Another demo that Marc gave was an example of the world/environment as actor. His demo was an Inspector Closeau-esque, with the world adapting to the events of the player to make misery at every turn. Ie you put you try to wash your hands, and the water sprays all over your face. If you try and make toast with your wet hands, you get electrocuted by the malevolant toasted. Fun stuff, but as Marc stated, the challenge with this is its scalability.
Simon Culton
Simon, assisted by Marc Hull (both academics from Imperial), presented “A.I and games…Do’s and Don’ts”. It was a great insight into the differences between the work being done by AI developers in the games industry and the work being done by academics specialising in A.I. Mentioning Introversion (creators of Darwinia and more recently Defcon), there is obviously a heritage of games at Imperial.
Simon began by discussing the unhealthy A.I. obsessions of both the games industry and academia. The games industry is obsessed with modelling opponents, and academia’s focus on games seems to be obsessed with board games.

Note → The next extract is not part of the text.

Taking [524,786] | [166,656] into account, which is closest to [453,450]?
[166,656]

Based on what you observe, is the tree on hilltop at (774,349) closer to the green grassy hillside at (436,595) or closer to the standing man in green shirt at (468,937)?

There are multiple mis-matches – AI opponents have low RAM, low CPU, and very little time for results to be generated. AI agents, however, require exactly the reverse. There is a mis-match between expectations of what opponents should be like and what they can be within the confines of a game.
Simon quoted MIT’s Rodney Brooks, noting that the development of A.I. is like evolution in reverse: Developing systems to play chess is easy, but developing one to avoid a tiger is exceptionally difficult. He paraphrased Peter Molyneux comments that “We don’t need better opponents, we need more engaging opponents”.
Simon suggested four main areas in which A.I. could be be hugely useful for the games industry:
- Data Mining
- Affective Computing HCI - How is the player feeling?
- Automatic Avatars – Cloning A.I. as mentioned by Peter Molyneux
- AI Tools in game creation – Assisting the designer by learning from their creation methods
In reference to the last point, Simon described one situation where genetic algorithms could be used to generate world entities. A designer could, for example, design a number of different chairs. These could be fed into the system to generate a number of new designs based upon these. Many will be rubbish but the designer could pick the ones that work well, effectively teaching the system what works and what doesn’t. This could potentially solve the issue of huge content demands of the next generation, as well as suggesting designs that the designer may never have come up with.
Simon’s last example was extending this to a task that is hugely time consuming and repetative for a designer – the creation of cities. Rather than place every building and create every section of each building, the designer would create a few buildings and the system would learn and could subsequently take over and create the entire city. The designer would refine and this process would iterate.
Lastly, Simon recommended the following to the audience: AI Bites, and the work of John E Laird.
I’ll try and get some of the Q&A’s written up soon
3 Comments
Research Opportunities in Game AI — AiGameDev.com on July 28th, 2007
[...] See this post about the Future of Game AI for more inspiration for research. [...]
Waldir on March 9th, 2009
As a non-gamer with several gamer friends, I was particularly interested in Peter Molyneux’s concept of “Balancing A.I.” — after some research, I found that there is already substantial research in the field, and even games applying the concept, most notably Left 4 Dead. Check out Wikipedia’s Dynamic game balancing article for a good starting point



Galvin on January 31st, 2007
Great write up! I couldn’t get to this so it was a pleasure reading this.